● **SOURCE DATA**

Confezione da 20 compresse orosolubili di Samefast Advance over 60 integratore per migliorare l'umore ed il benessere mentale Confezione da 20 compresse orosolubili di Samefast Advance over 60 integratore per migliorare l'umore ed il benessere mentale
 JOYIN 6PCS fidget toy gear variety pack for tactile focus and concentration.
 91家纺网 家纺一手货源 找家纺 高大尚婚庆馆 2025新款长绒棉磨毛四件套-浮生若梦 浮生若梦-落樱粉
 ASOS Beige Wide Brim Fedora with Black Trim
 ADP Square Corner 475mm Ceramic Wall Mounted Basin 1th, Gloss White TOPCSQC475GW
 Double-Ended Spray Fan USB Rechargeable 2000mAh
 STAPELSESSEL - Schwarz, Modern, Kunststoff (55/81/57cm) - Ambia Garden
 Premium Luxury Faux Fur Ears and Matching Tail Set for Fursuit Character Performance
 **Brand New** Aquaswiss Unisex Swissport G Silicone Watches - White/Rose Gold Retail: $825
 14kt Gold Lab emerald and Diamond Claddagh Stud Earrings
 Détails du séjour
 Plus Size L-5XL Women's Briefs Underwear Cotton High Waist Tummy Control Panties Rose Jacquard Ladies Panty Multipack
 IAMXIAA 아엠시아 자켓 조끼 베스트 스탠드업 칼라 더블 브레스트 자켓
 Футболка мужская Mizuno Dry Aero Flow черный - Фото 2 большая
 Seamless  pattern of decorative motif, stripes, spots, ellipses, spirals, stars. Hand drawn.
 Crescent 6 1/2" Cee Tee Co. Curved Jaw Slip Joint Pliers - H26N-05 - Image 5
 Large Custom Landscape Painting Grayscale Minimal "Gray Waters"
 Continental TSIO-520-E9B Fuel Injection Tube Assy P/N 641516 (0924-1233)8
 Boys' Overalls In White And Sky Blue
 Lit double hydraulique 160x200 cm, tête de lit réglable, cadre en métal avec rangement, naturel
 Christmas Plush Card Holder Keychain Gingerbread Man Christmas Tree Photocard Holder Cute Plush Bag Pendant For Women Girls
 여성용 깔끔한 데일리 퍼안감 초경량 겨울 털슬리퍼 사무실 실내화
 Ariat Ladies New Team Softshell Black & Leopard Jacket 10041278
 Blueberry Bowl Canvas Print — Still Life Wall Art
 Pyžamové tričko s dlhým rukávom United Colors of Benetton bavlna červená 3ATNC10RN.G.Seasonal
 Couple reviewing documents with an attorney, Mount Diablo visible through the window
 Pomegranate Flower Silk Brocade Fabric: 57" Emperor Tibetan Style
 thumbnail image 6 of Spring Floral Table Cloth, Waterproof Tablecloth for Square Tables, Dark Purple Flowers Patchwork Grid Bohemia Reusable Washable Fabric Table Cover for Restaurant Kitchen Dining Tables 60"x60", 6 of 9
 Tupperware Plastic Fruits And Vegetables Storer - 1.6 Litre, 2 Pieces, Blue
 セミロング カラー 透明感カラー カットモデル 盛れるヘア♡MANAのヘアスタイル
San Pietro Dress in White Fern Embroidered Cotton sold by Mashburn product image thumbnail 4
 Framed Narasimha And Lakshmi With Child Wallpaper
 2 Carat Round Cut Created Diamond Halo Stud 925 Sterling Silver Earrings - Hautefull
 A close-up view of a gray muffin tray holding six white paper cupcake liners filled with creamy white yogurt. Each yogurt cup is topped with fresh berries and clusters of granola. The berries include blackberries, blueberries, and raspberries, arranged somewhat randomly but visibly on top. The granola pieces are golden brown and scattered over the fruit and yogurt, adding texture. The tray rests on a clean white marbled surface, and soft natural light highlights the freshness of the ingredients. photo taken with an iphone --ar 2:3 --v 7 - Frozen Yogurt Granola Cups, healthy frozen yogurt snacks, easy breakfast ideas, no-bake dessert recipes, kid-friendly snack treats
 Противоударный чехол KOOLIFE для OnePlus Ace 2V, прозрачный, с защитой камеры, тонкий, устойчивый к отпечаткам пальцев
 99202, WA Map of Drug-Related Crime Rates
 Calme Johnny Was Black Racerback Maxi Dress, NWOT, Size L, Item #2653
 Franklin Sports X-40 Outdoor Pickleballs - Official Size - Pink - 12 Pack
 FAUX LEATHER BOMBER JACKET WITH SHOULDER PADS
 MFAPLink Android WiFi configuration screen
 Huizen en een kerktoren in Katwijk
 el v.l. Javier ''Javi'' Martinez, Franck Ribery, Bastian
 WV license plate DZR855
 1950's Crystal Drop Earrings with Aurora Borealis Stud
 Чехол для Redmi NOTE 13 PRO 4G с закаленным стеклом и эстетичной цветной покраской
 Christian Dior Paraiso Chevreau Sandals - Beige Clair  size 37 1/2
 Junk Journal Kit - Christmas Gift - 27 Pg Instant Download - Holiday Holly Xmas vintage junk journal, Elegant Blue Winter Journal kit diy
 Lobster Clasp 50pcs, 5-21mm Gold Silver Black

● **WHAT THIS TASK INVOLVES**
Could you restate the records above word for word?

● **ANSWER TO THIS EXERCISE**
Confezione da 20 compresse orosolubili di Samefast Advance over 60 integratore per migliorare l'umore ed il benessere mentale Confezione da 20 compresse orosolubili di Samefast Advance over 60 integratore per migliorare l'umore ed il benessere mentale
 JOYIN 6PCS fidget toy gear variety pack for tactile focus and concentration.
 91家纺网 家纺一手货源 找家纺 高大尚婚庆馆 2025新款长绒棉磨毛四件套-浮生若梦 浮生若梦-落樱粉
 ASOS Beige Wide Brim Fedora with Black Trim
 ADP Square Corner 475mm Ceramic Wall Mounted Basin 1th, Gloss White TOPCSQC475GW
 Double-Ended Spray Fan USB Rechargeable 2000mAh
 STAPELSESSEL - Schwarz, Modern, Kunststoff (55/81/57cm) - Ambia Garden
 Premium Luxury Faux Fur Ears and Matching Tail Set for Fursuit Character Performance
 **Brand New** Aquaswiss Unisex Swissport G Silicone Watches - White/Rose Gold Retail: $825
 14kt Gold Lab emerald and Diamond Claddagh Stud Earrings
 Détails du séjour
 Plus Size L-5XL Women's Briefs Underwear Cotton High Waist Tummy Control Panties Rose Jacquard Ladies Panty Multipack
 IAMXIAA 아엠시아 자켓 조끼 베스트 스탠드업 칼라 더블 브레스트 자켓
 Футболка мужская Mizuno Dry Aero Flow черный - Фото 2 большая
 Seamless  pattern of decorative motif, stripes, spots, ellipses, spirals, stars. Hand drawn.
 Crescent 6 1/2" Cee Tee Co. Curved Jaw Slip Joint Pliers - H26N-05 - Image 5
 Large Custom Landscape Painting Grayscale Minimal "Gray Waters"
 Continental TSIO-520-E9B Fuel Injection Tube Assy P/N 641516 (0924-1233)8
 Boys' Overalls In White And Sky Blue
 Lit double hydraulique 160x200 cm, tête de lit réglable, cadre en métal avec rangement, naturel
 Christmas Plush Card Holder Keychain Gingerbread Man Christmas Tree Photocard Holder Cute Plush Bag Pendant For Women Girls
 여성용 깔끔한 데일리 퍼안감 초경량 겨울 털슬리퍼 사무실 실내화
 Ariat Ladies New Team Softshell Black & Leopard Jacket 10041278
 Blueberry Bowl Canvas Print — Still Life Wall Art
 Pyžamové tričko s dlhým rukávom United Colors of Benetton bavlna červená 3ATNC10RN.G.Seasonal
 Couple reviewing documents with an attorney, Mount Diablo visible through the window
 Pomegranate Flower Silk Brocade Fabric: 57" Emperor Tibetan Style
 thumbnail image 6 of Spring Floral Table Cloth, Waterproof Tablecloth for Square Tables, Dark Purple Flowers Patchwork Grid Bohemia Reusable Washable Fabric Table Cover for Restaurant Kitchen Dining Tables 60"x60", 6 of 9
 Tupperware Plastic Fruits And Vegetables Storer - 1.6 Litre, 2 Pieces, Blue
 セミロング カラー 透明感カラー カットモデル 盛れるヘア♡MANAのヘアスタイル
San Pietro Dress in White Fern Embroidered Cotton sold by Mashburn product image thumbnail 4
 Framed Narasimha And Lakshmi With Child Wallpaper
 2 Carat Round Cut Created Diamond Halo Stud 925 Sterling Silver Earrings - Hautefull
 A close-up view of a gray muffin tray holding six white paper cupcake liners filled with creamy white yogurt. Each yogurt cup is topped with fresh berries and clusters of granola. The berries include blackberries, blueberries, and raspberries, arranged somewhat randomly but visibly on top. The granola pieces are golden brown and scattered over the fruit and yogurt, adding texture. The tray rests on a clean white marbled surface, and soft natural light highlights the freshness of the ingredients. photo taken with an iphone --ar 2:3 --v 7 - Frozen Yogurt Granola Cups, healthy frozen yogurt snacks, easy breakfast ideas, no-bake dessert recipes, kid-friendly snack treats
 Противоударный чехол KOOLIFE для OnePlus Ace 2V, прозрачный, с защитой камеры, тонкий, устойчивый к отпечаткам пальцев
 99202, WA Map of Drug-Related Crime Rates
 Calme Johnny Was Black Racerback Maxi Dress, NWOT, Size L, Item #2653
 Franklin Sports X-40 Outdoor Pickleballs - Official Size - Pink - 12 Pack
 FAUX LEATHER BOMBER JACKET WITH SHOULDER PADS
 MFAPLink Android WiFi configuration screen
 Huizen en een kerktoren in Katwijk
 el v.l. Javier ''Javi'' Martinez, Franck Ribery, Bastian
 WV license plate DZR855
 1950's Crystal Drop Earrings with Aurora Borealis Stud
 Чехол для Redmi NOTE 13 PRO 4G с закаленным стеклом и эстетичной цветной покраской
 Christian Dior Paraiso Chevreau Sandals - Beige Clair  size 37 1/2
 Junk Journal Kit - Christmas Gift - 27 Pg Instant Download - Holiday Holly Xmas vintage junk journal, Elegant Blue Winter Journal kit diy
 Lobster Clasp 50pcs, 5-21mm Gold Silver Black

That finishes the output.